Quando o bode me acertou em cheio na perna, você estava com quem? Com papai,
pra variar.
(Pausa, Flávio dá mais um trago e emenda)
Quando caí
daquela árvore, aquela araucária graúda, lembra?, você estava transando com o
Fábio. Você estava sempre com o papai, vocês se trancavam e ficavam horas
incomunicáveis, resolviam tudo na cama... Você...VOCÊ SÓ TINHA OLHOS PRO
PAPAI!!!
EDNA
(Contrariada com a intromissão do filho mimado)
O que VOCÊ
tem com isso? Era a minha vida, eu era a mulher dele. Ele era muito fogoso,
você sabe disso. Gostava de sexo, e eu gostava também. Eu amei muito o seu pai.

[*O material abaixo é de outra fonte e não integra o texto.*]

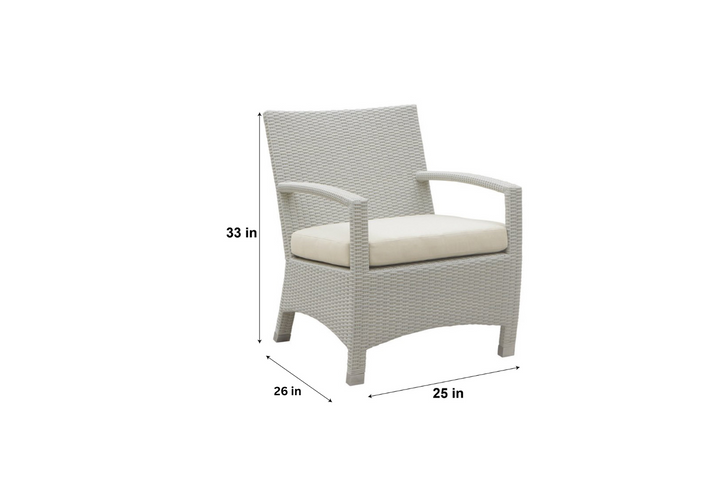 Hudson Outdoor Garden Balcony Sofa Set 3 Seater, 2 Seater With 2 Single Seater and 1 Center Table With 1 Side Table Set (White)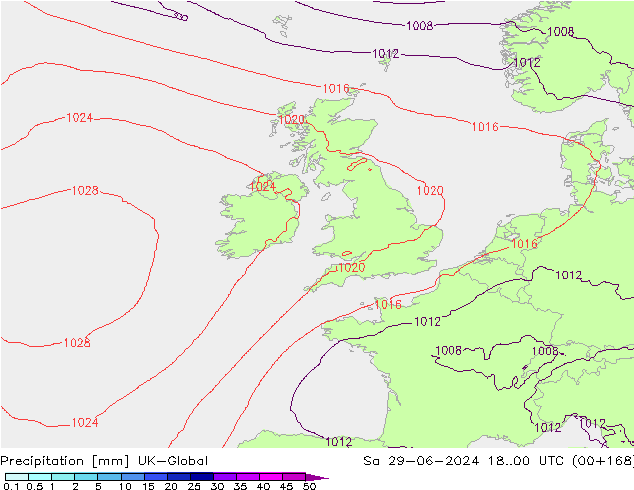 Précipitation UK-Global sam 29.06.2024 00 UTC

Foi por isso que seu casamento acabou? Falta de fogo?
FLÁVIO
(Bem alterado, olhos injetados de raiva,
espalhando fumaça pra todos os lados)
Não é da
sua conta! Nunca foi. Eu sempre fui criado sem mãe. Quer saber mais?

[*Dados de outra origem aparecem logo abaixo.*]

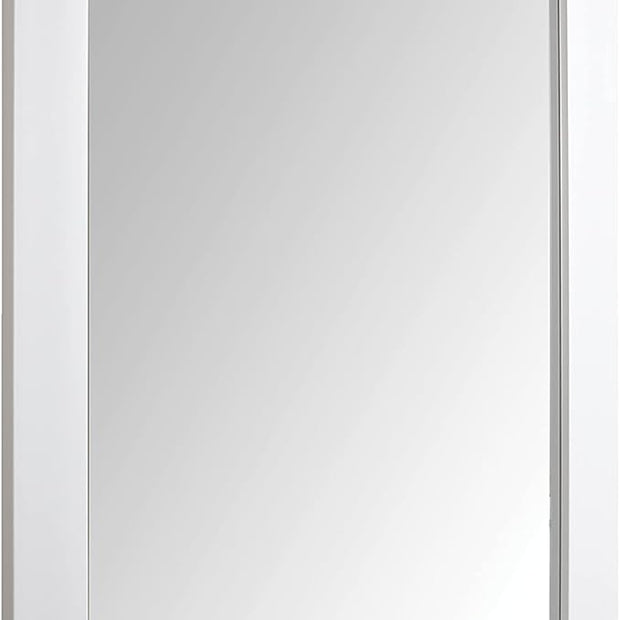 Amazon Basics Rectangular Wall Mount Mirror for Bedroom, Living Room, Entryway, Wide Trim, 24" x 36", White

(Pausa, mais um trago longo)
Quando me
pegaram fumando maconha com os amigos, você me deixou uma noite preso. Quando
levei o primeiro fora da Aninha, você não estava lá para enxugar minhas
lágrimas. Você acha que eu gostava?
(Flávio dá uma caminhada em volta da mesa da
cozinha e se aproxima da mãe, falando em seu ouvido, intimidando-a)
Quando reprovei
no Vestibular, nada... quando muito uma reprovação, uma bronca. Você e papai
não estavam nem aí. Mário era o único que olhava por mim.
(Volta-se para a sua cadeira e senta, fitando-a
nos olhos, apagando o cigarro na caneca, só para irritar a mãe)
Eu não
suportei perder o Mário. Não suportei vê-lo morto naquele acidente de avião.

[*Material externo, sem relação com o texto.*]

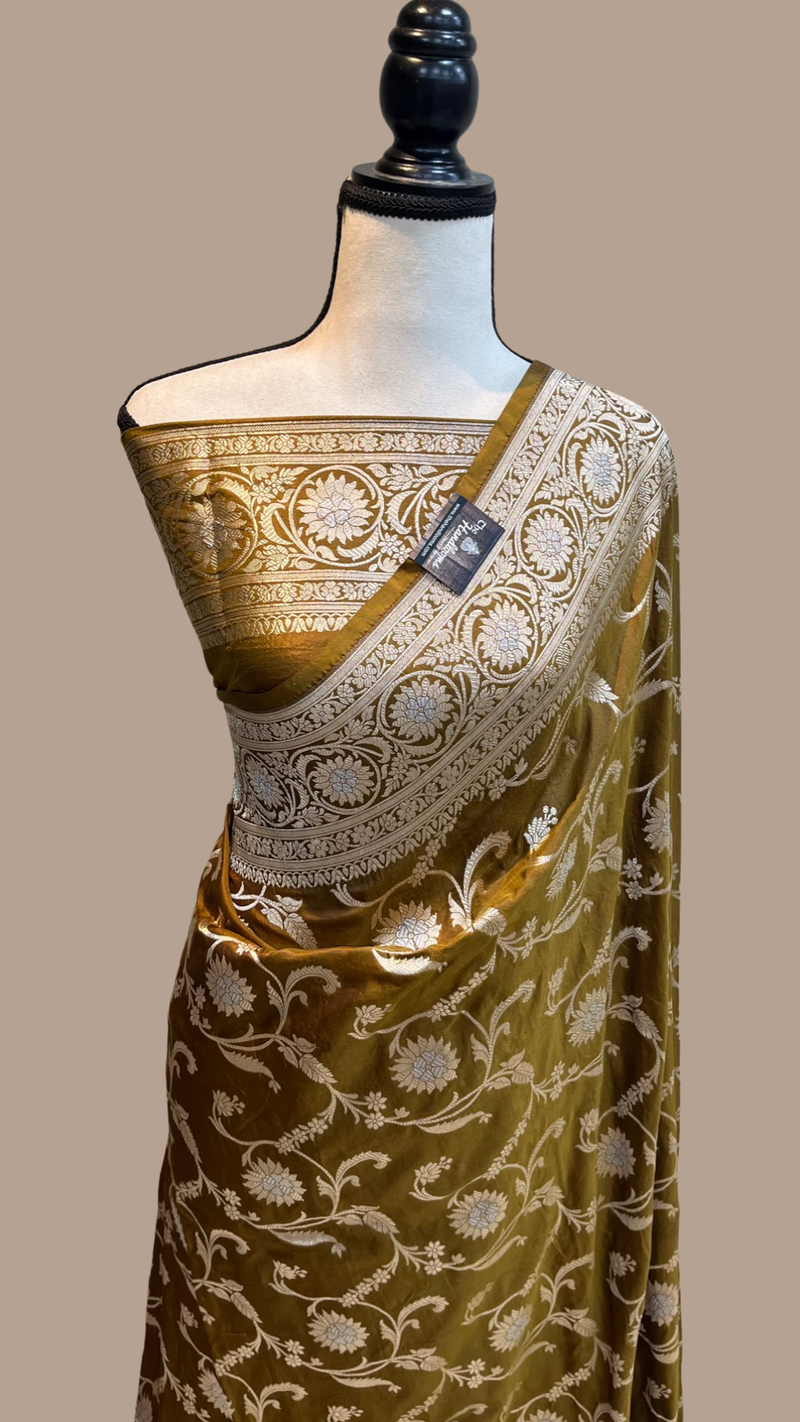 Porcupine Pure Katan Silk Banarasi Handloom Saree - All over Sona Roopa Jaal work - The Handlooms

Tudo por culpa do papai, do TEU Fábio, que tinha sempre que se exibir ao
pilotar... Só mais uma manobra arriscada, só mais uma... e deixava todo mundo
nervoso. Naquele dia, não conseguiu reverter e pronto... morreram os dois. E
eu, fiquei duplamente órfão, porque você morreu pra vida também!
(Pausa, Flávio retoma seu ar sarcástico e irônico
e continua...)
E agora
estamos nós aqui planejando a reforma do teu chalé. Você é louca, mamãe. A
Lúcia foi embora porque quis. Pronto. Assunto encerrado. Satisfeita?
Faz-se
outro longo silêncio. Edna enxuga as lágrimas. Flávio acende outro cigarro.
Observa a fumaça, satisfeito com o despejo de verdades sobre a mãe.
EDNA
(com a voz embargada)
É, Flávio,
tua mãe é louca. Uma louca que sempre foi apaixonada pelo marido, acima de
tudo. Uma louca que morreu pra vida. Uma louca que acorda dia sim, dia não,
pensando em como sobreviver sem o meu comandante. Sou louca.
Você é meu
filho largado, enjeitado, o abandonado da família, como você diz. Se é assim
que você sente...
Mas, eu, Flávio,
eu sempre te amei.
Apesar
disso, QUER VOCÊ QUEIRA , QUER NÃO, SOU A PUTA QUE TE PARIU!